• [Task instructions]
Print the line containing "Декоративные блестки в" and all lines after it, unchanged, through the end of the data. Leave the pictures out.

• [Data extract]

+ + +

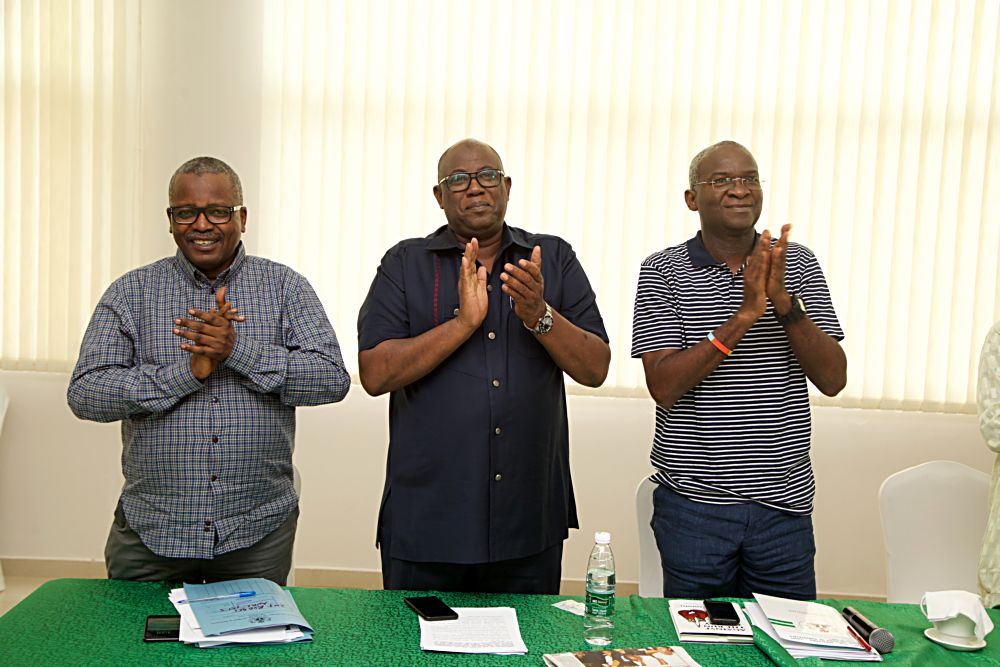 Hon Minister of Power Works  Housing Mr Babatunde Fashola SANmiddle in a group photograph with  Directors Heads of Departments and Agencies after Day One of the 3Day Retreat for Heads of Departments  Agencies under the Federal Ministry of Power Works  Housing at the Cedar Estate  Abuja on Thursday 18th  May 2017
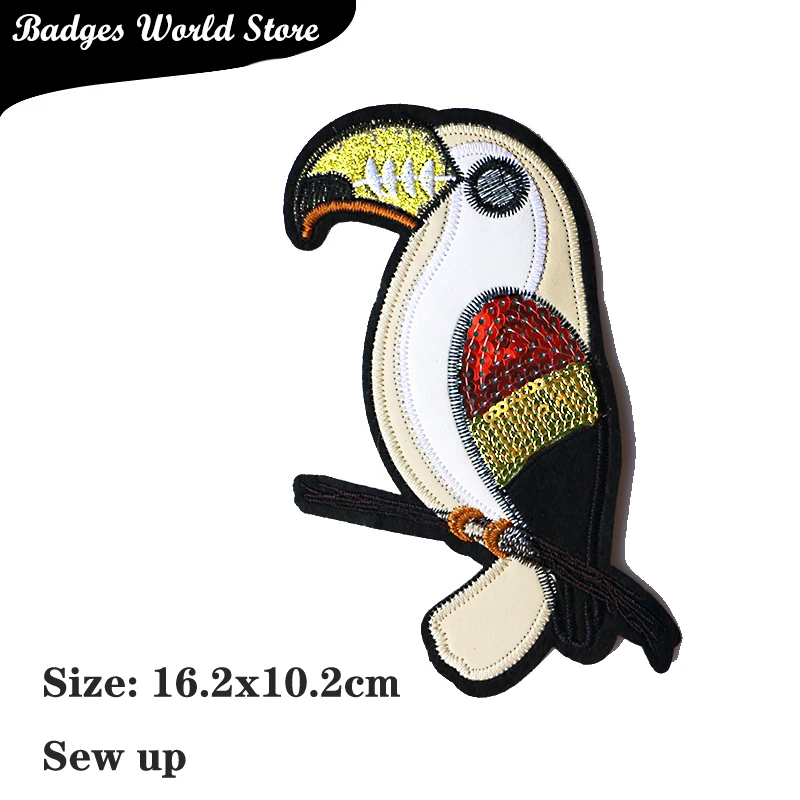 Декоративные блестки в виде животных патчи с вышивкой Журавля птицы Аппликации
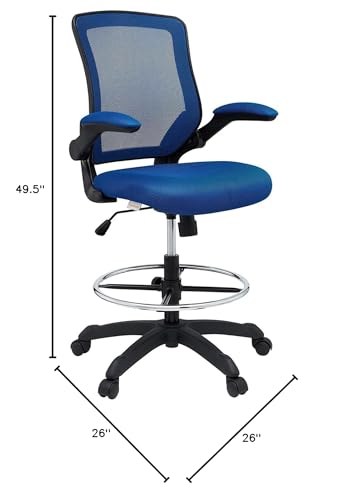 Modway Veer Drafting Chair - Reception Desk Chair - Flip-Up Arm Drafting Chair in Blue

+ + +

• [Your response]
 Декоративные блестки в виде животных патчи с вышивкой Журавля птицы Аппликации
 Modway Veer Drafting Chair - Reception Desk Chair - Flip-Up Arm Drafting Chair in Blue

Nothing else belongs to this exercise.